Unsure of what he was hearing, or just incredulous, Tex took to stepping from the stage and joining the people at the front tables so he could get a reading on the sound from the audience’s perspective. At one stage while he was singing he took the seat of someone who had headed to the bar or toilet, only to be harangued mid-song by the absent person’s companion about the seat already being taken. As if Tex might be planning to join them for coffee and dessert. As Tex sang Fake That Emotion, it was easy to see that he wasn’t delving too far inwardly for inspiration.
Kath was laughing and said that the ‘nutbags and pissheads’ in the room were so distracting that Tex looked like he was having an out of body experience. Which was only remarkable, she added, because someone who grew up in St Kilda’s post punk scene and who has been in the music industry for 30 years would be no stranger to nutbags or pissheads.
She also noted however, that both Tex and Charlie were rising above these interruptions and inconveniences to play with a poise and professionalism not necessarily befitting the occasion, but which nevertheless kept the show going.
Right on cue of course, purple lady re-emerged, staggering down to the stage to resume the conversation with Tex that had been cut short.
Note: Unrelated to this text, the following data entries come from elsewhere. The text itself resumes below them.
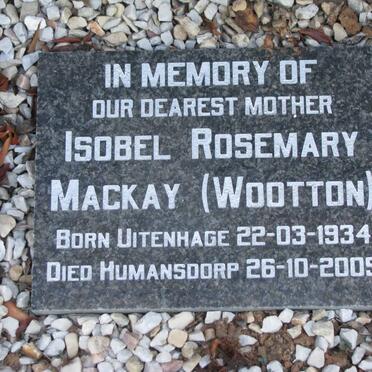 MACKAY Isobel Rosemary nee WOOTTON 1934-2009
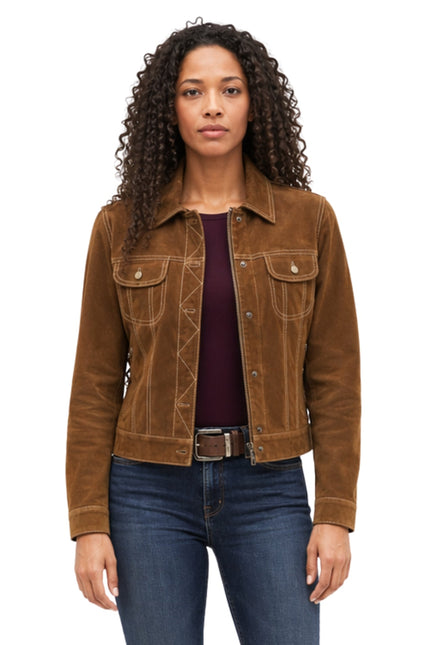 Woman wearing a brown jacket and blue jeans on a white background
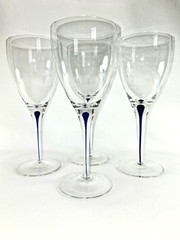 Pier 1 Hand Blown Wine Glasses Cobalt Blue Tear Drop Stem 8.25″ ~Set of 4~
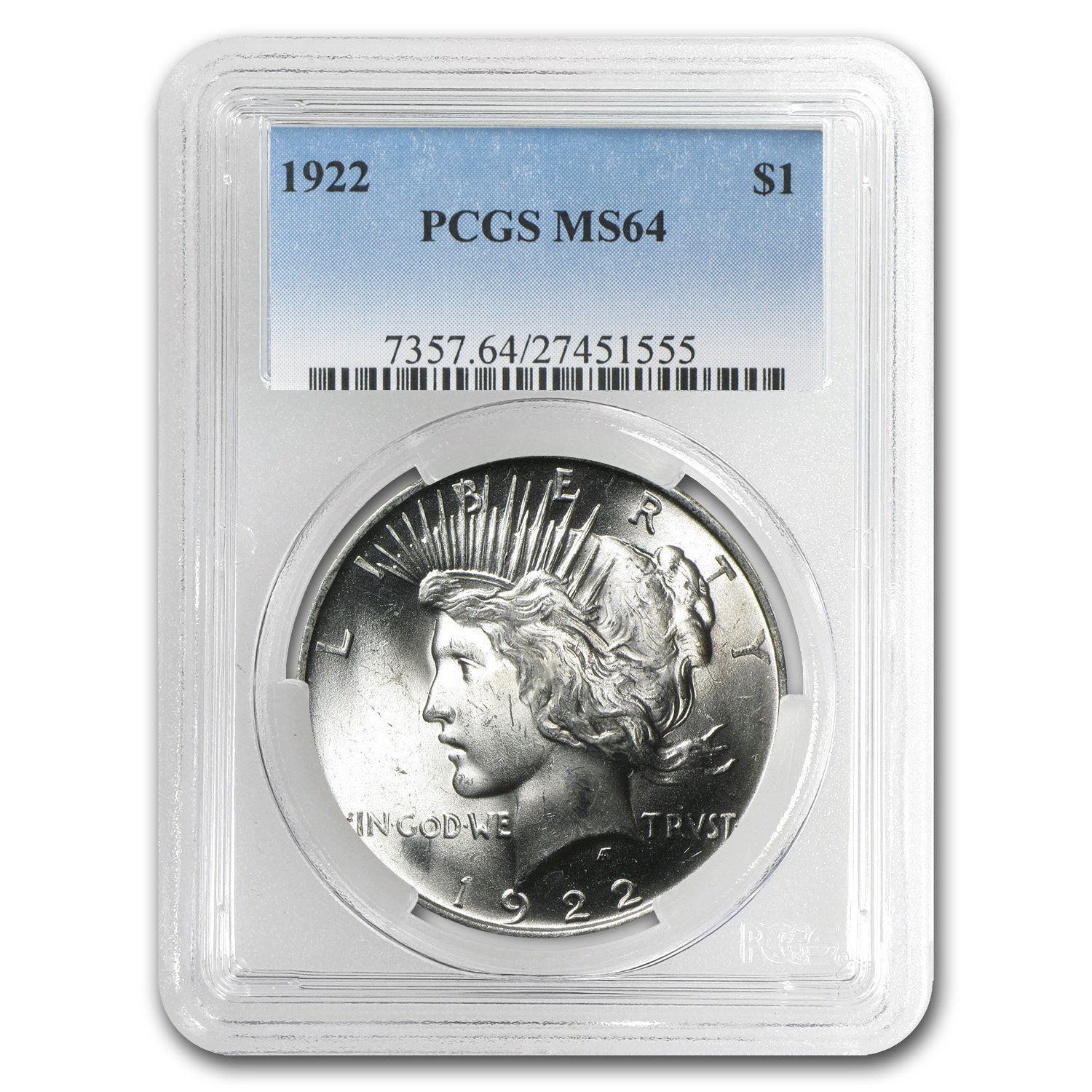 Buy 1922 Peace Dollar MS-64 PCGS - Click Image to Close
Peter got to his feet again and helped her outside. In fact this time he drove her home – just to make sure she didn’t return. He later told us that she the wife of the man who had earlier been yelling “C’mon Tex.”
When Tex and Charlie later played their song Psycho, there was little doubt as to whom it was secretly dedicated.
Tramwreck
It wasn’t visible because of the dark, but at the rear of the Glasshouse Bistro there is an old W Class Melbourne tram positioned so that it looks like it has run off the rails and crashed through the beer garden. In a way, this unusual sight acted as a metaphor for the show. With all of the things that had gone wrong in the lead-up and all of the interruptions on the night, the show could have been a veritable tram wreck, but just as the derailed tram works as an unexpected attraction in the pub, so too the circumstances and the unique characters of Yarram helped make the gig a truly memorable one.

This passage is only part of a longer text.